После всего сказанного о врожденном и неизменном характере с недоумением читаешь о том, что наряду с ним допускается и особого рода искусственный, «приобретенный характер», формирующийся посредством опыта и размышления. Хотя Шопенгауэр оговаривает, что благодаря воспитанию, обучению, внушению и воздействию среды приобретенный характер «не столь важен собственно для этики, сколько для мирской жизни» (6, 319), но, как это уживается в его учении с признанием неизменности характера, понять трудно, и сколько-нибудь вразумительного объяснения подобному сосуществованию он не дает.
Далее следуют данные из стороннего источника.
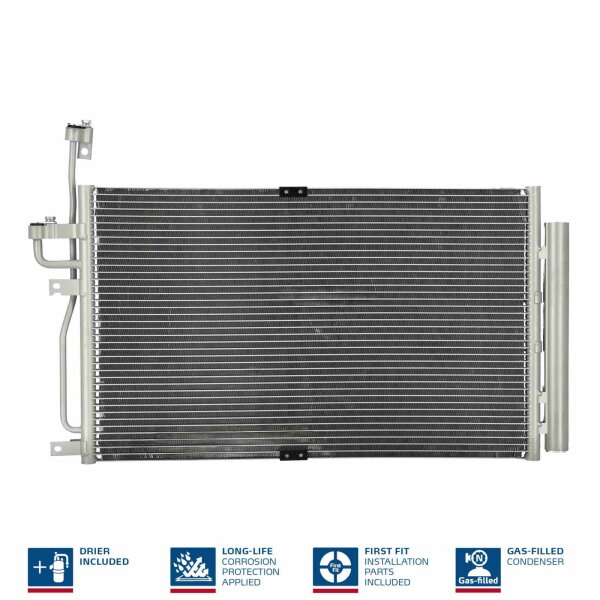 NISSENS 94977 Kondensator, Klimaanlage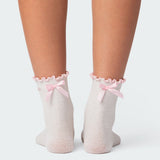 Contrast Frill Socks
Во всем изложенном до сих пор отношении Шопенгауэра к проблеме свободы воли он выступает как последовательный, воинствующий сторонник детерминизма. Приводя соответствующую формулу Шопенгауэра, материалист Фейербах замечает по этому поводу: «Так говорит, и правильно говорит, Шопенгауэр» (28, I, 484). А марксист Меринг в своей статье в журнале «Neue Zeit» (XXVII, № 2) полагает, что Шопенгауэр «является авторитетом… в вопросе о детерминизме или индетерминизме», отмечая также «убедительную ясность, с которой он ставит и разрешает вопрос о свободе человеческой воли» (21, 254–255). При всей правильности и убедительности оценки философии Шопенгауэра в целом Меринг в данном случае заблуждался. Более тщательное изучение воззрений Шопенгауэра убедило бы его, что, несмотря на всю полемику Шопенгауэра против учения о свободе воли, его псевдотерминизм иллюзорен и все его критические выпады против свободы воли парализуются, растворяясь в господствующей в его этике индетерминистической теории, исходящей из деформированного кантовского различения эмпирического и интеллигибельного, умопостигаемого характера.
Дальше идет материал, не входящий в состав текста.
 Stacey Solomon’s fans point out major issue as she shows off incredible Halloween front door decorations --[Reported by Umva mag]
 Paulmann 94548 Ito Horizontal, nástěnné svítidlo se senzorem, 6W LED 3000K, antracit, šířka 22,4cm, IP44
Все дело в том, что шопенгауэровское отрицание свободы воли и утверждение необходимости волевых актов по закону достаточного основания значимо лишь в пределах мира как нашего представления, а не мира, каков он сам по себе. Шопенгауэровский «детерминизм» феноменален и аннигилируется при переходе к воле как вещи в себе. Волевой акт, заключает он второй том своего основного произведения, «свободен, потому что закон достаточного основания, от которого только всякая необходимость и получает свое значение, представляет собою не что иное, как форму его проявления» (5, II, 673).
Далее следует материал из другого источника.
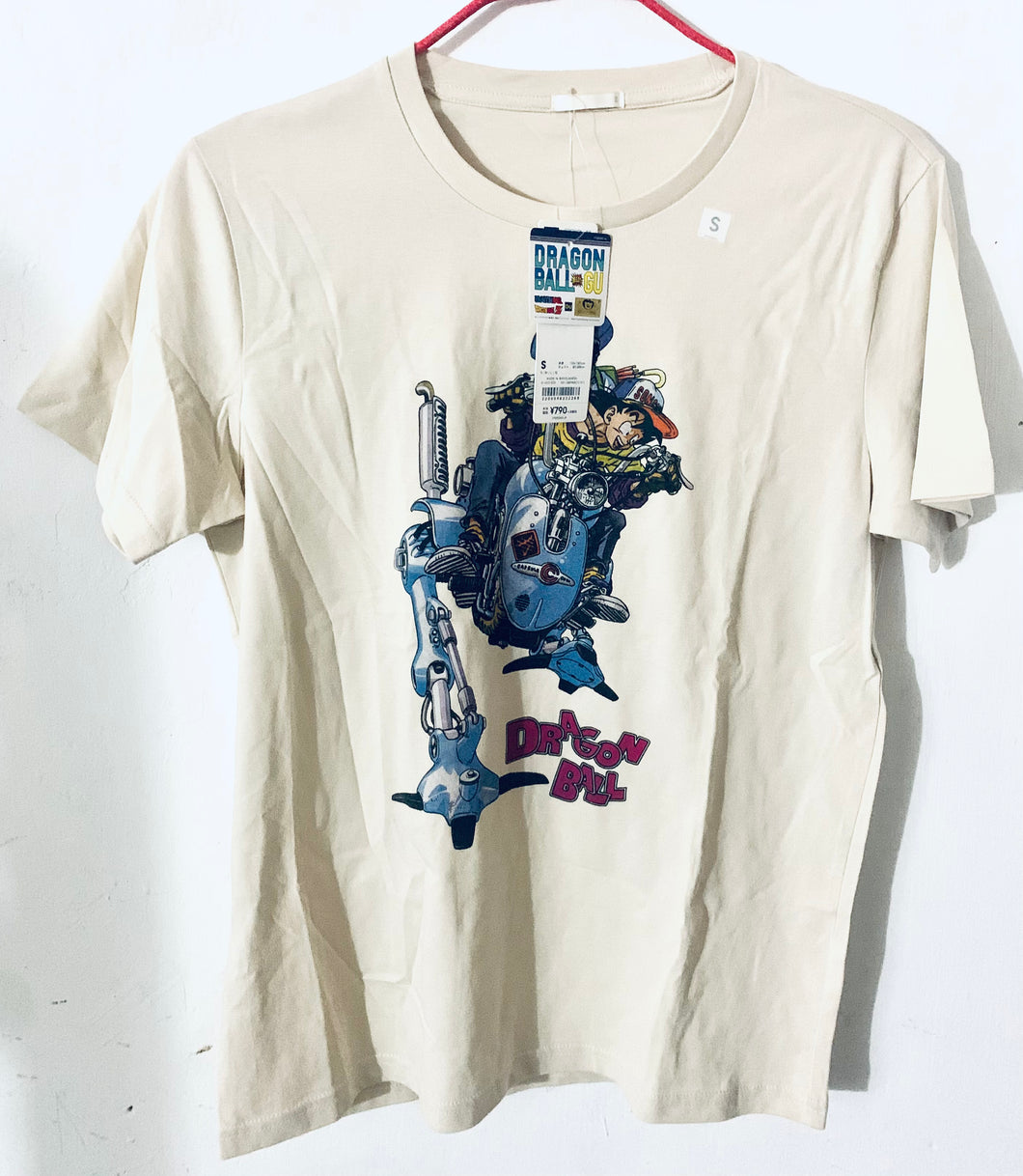 Dragon Ball x GU Graphic T-Shirt White S Size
Уже множественность характеров, обусловливающих детерминизм, несовместима с его пониманием единства мира как воли. Она принадлежит лишь эмпирическим явлениям и непричастна к вещам в себе. «Эмпирический характер есть простое явление… просто лишь обнаружение характера, умопостигаемого в нашей познавательной способности, связанной с временем, пространством и причинностью» (5, IV, 108). Сама по себе, за пределами явления, воля свободна. Великой заслугой Канта Шопенгауэр считает то, что он впервые доказал различие между умопостигаемым и эмпирическим характером: «…первый есть воля как вещь сама в себе… а последний само явление, как оно выражается в образе действий во времени, и даже в корпоризации, по пространству» (6, 300). Закон основания к первому совершенно неприменим. Индивидуум со своим неизменным, врожденным характером, определяющим свои проявления по закону причинности, есть лишь явление, в основе которого лежит свободная воля в себе. «Operari sequitur esse» предполагает, что в esse «лежит свобода» (5, IV, 177). Детерминизм вторичен, индетерминизм первичен. Свобода есть познанная необходимость отнюдь не в спинозистском понимании, а в том смысле, что необходимость есть познанная свобода, т. е. свобода, препарированная априорными формами нашего познания, прежде всего причинностью. Нельзя упускать из виду, что «индивидуум, лицо — уже не воля сама по себе, а уже проявление воли, и, как таковое, уже определено и вошло в форму явления — закон основания» (6, 116). Закон мотивации как один из видов закона достаточного основания — это форма явления. Сама по себе воля свободна, и «всякая необходимость возникает исключительно в силу таких форм, которые всецело относятся к явлению» (5, II, 327). Отрицание свободы воли предполагает объективацию воли, которая «сама в себе не знает ни основания, ни следствия» (6, 342), она решительно свободна и «никакого закона для нее не существует» (там же, 296). Она автономна, а не гетерономна, «ибо вне ее нет ничего» (там же, 282).